By Pauline Rose

This week business leaders are gathering in Davos to debate global priorities at the World Economic Forum. The forum declares itself to be “committed to improving the state of the world”. So why isn’t education higher up on the agenda?

On the face of it, there should be little need to make the business case for education. It is intrinsically tied to all positive development outcomes. Economic growth, health, nutrition and democracy are all boosted by quality schooling. If all children in low-income countries left school with basic reading skills, poverty would fall by 12% — and that’s good for business. The private sector benefits directly from an educated, skilled workforce.

The private sector spends only $683 million a year to support education in developing countries, however, making up equivalent to just 5% of total education aid, as we found in the latest Education for All Global Monitoring Report. This is equivalent to less than 0.5% of the annual profits of the 10 biggest companies in the world. It is about the same as the amount Fifa gave to South Africa for the World Cup, the price of two Boeing 747s or the amount Americans spend on pizzas in just over a week.
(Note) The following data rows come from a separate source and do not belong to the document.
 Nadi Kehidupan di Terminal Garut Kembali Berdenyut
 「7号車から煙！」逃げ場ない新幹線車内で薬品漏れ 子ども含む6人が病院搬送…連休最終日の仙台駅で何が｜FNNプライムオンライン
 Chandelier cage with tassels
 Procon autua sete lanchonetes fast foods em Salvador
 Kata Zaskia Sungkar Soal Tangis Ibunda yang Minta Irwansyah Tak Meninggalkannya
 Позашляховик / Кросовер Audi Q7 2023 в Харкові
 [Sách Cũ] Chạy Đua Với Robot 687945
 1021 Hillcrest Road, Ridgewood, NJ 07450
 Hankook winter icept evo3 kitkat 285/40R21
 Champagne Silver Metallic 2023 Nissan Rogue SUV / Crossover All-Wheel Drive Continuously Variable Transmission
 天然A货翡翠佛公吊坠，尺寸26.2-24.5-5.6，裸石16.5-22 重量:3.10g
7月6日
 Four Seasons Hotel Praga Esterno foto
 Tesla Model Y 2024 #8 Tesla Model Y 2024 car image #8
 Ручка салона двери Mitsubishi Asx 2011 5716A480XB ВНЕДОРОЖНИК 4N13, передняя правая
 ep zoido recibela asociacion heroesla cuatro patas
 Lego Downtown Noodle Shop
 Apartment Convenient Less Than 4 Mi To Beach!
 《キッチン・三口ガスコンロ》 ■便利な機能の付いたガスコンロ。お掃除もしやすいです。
By contrast, health usually features high on the agenda at Davos and is one of the top three global risks identified by the forum. Health, as each of us knows, is the foundation of well-being. From an education perspective, having visited classrooms around the world I know all too well that children cannot concentrate and benefit fully from school if they are ill or malnourished.

Why does health figure so much more prominently than education? One reason is that recent campaigns against malaria, polio, HIV and Aids and tuberculosis have been headed by Bill Gates or endorsed by the Gates Foundation. A vaccination summit held in 2011 and championed by the Gates Foundation raised $4.3 billion, enabling 250 million children to be vaccinated worldwide.

Such sums give pause for thought. There are still 61 million children out of school, and it would cost $16 billion a year to get them all into school — but universal primary education might truly be possible by 2015 if a leader like Bill Gates galvanised private companies and foundations to prioritise schooling.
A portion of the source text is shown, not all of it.